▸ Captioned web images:
******

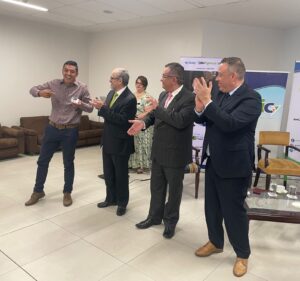 Personas participan en una actividad de reconocimiento empresarial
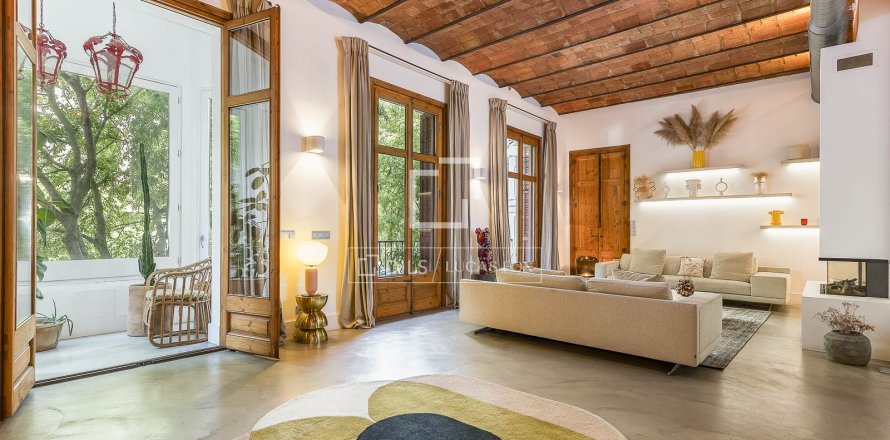 5 bedrooms apartment for sale in Barcelona, Catalonia, Spain № 4477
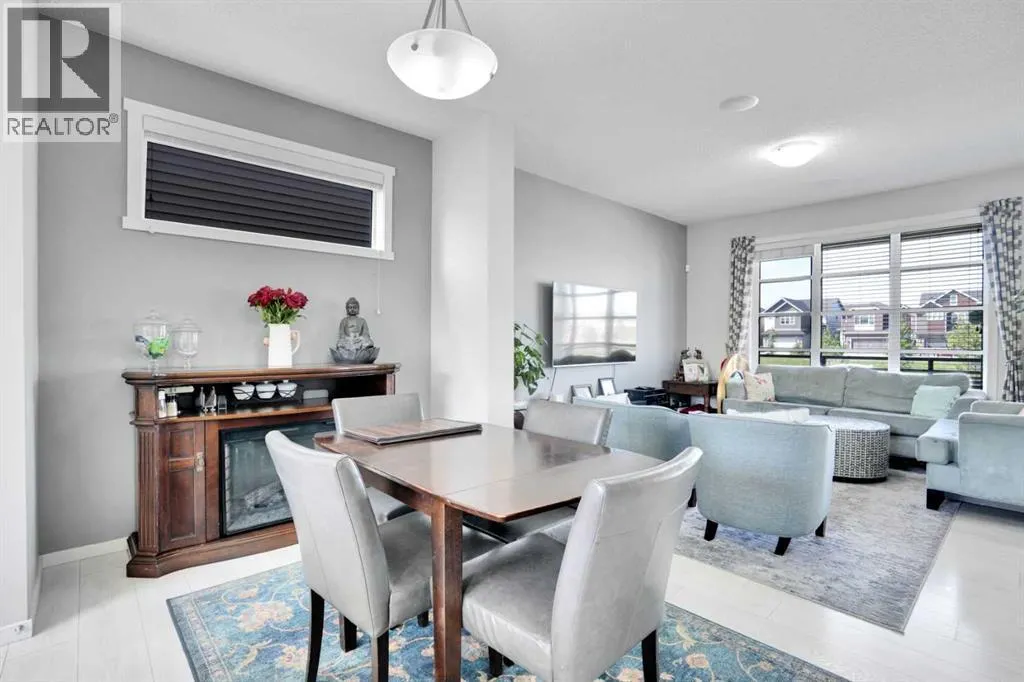 215 Savanna Parade NE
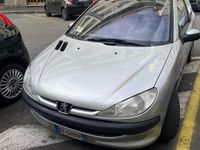 Usata Peugeot 206 60 CV (44 kW) 2003 Grigio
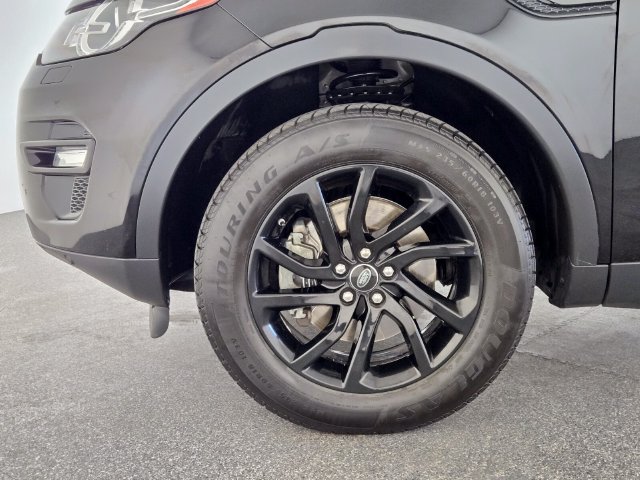 Used 2019 Land Rover Discovery Sport HSE AWD/4WD image 9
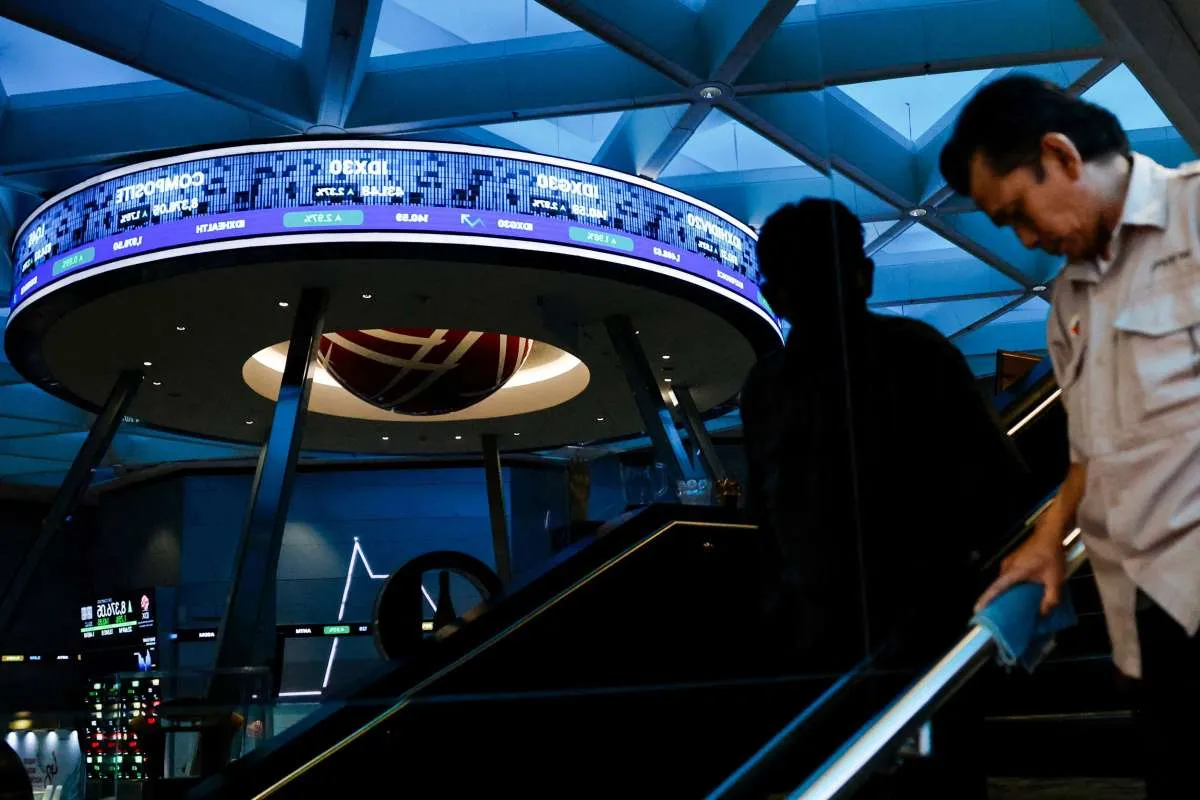 IHSG Menguat Pekan Lalu, IPOT Rekomendasikan Saham Energi hingga ETF Dividen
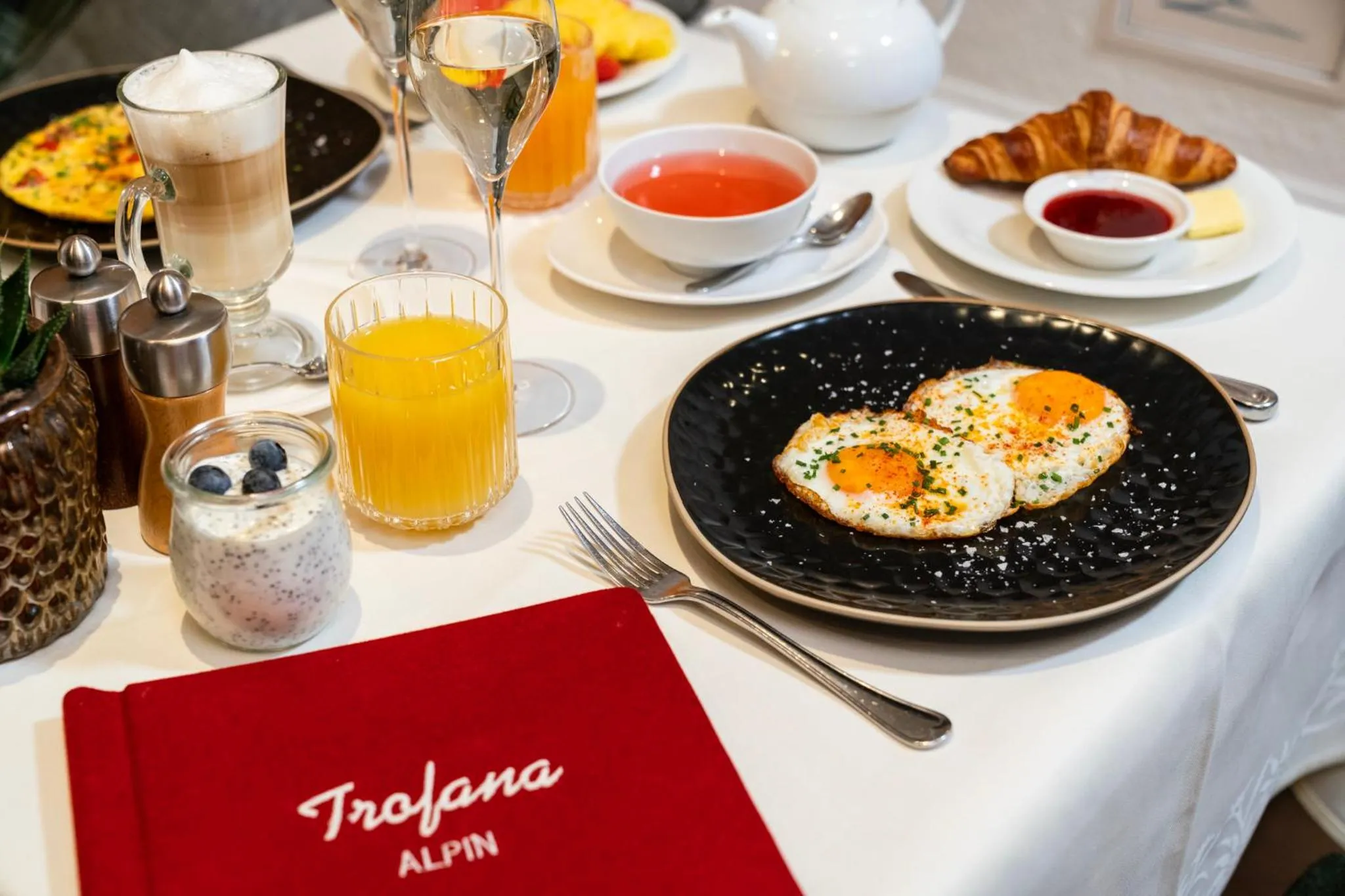 Breakfast in Hotel Trofana Alpin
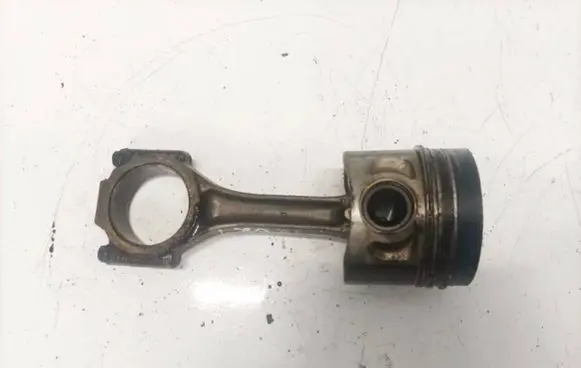 Volkswagen PASSAT B5.5 Piston with connecting rod
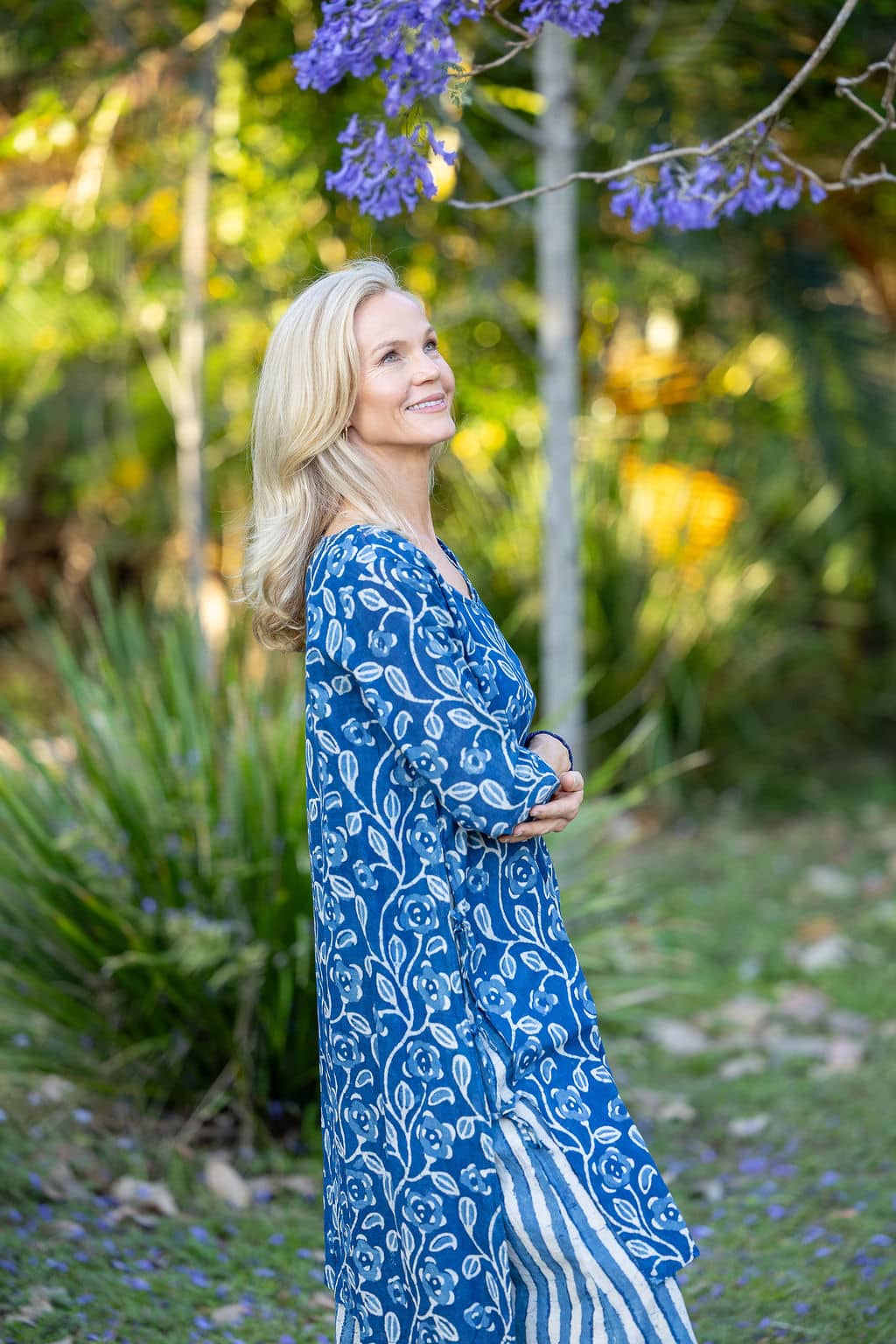 Womens, midi, Alakiki dress, sleeves, 100% Cotton, hand block print.In natural Indigo Suri print.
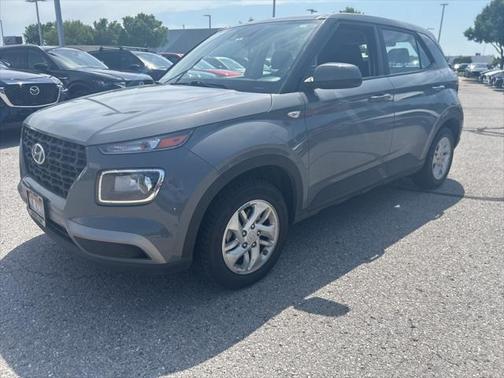 2022 Hyundai VENUE SE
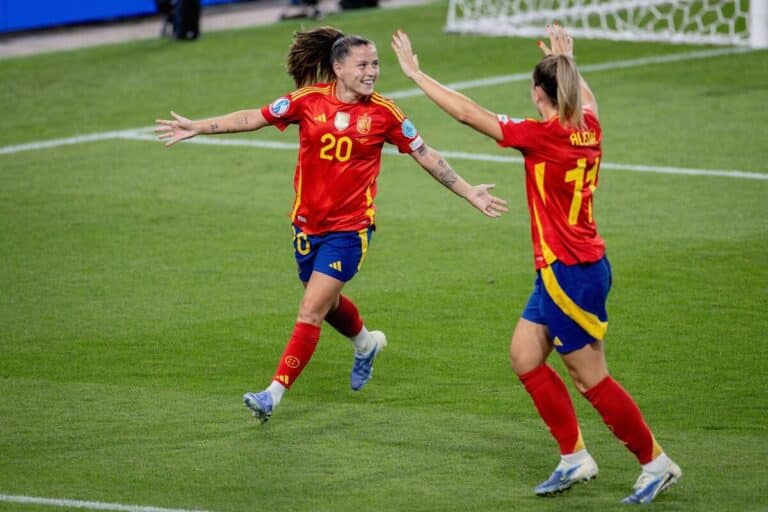 Spain 2-0 Switzerland: World champions progress despite missing two penalties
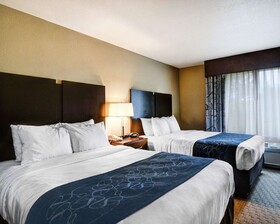 Comfort Suites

******

▸ Your instructions: Keeping the pictures out, print the entries above exactly as written.

▸ Task result:
 Personas participan en una actividad de reconocimiento empresarial
 5 bedrooms apartment for sale in Barcelona, Catalonia, Spain № 4477
 215 Savanna Parade NE
 Usata Peugeot 206 60 CV (44 kW) 2003 Grigio
 Used 2019 Land Rover Discovery Sport HSE AWD/4WD image 9
 IHSG Menguat Pekan Lalu, IPOT Rekomendasikan Saham Energi hingga ETF Dividen
 Breakfast in Hotel Trofana Alpin
 Volkswagen PASSAT B5.5 Piston with connecting rod
 Womens, midi, Alakiki dress, sleeves, 100% Cotton, hand block print.In natural Indigo Suri print.
 2022 Hyundai VENUE SE
 Spain 2-0 Switzerland: World champions progress despite missing two penalties
 Comfort Suites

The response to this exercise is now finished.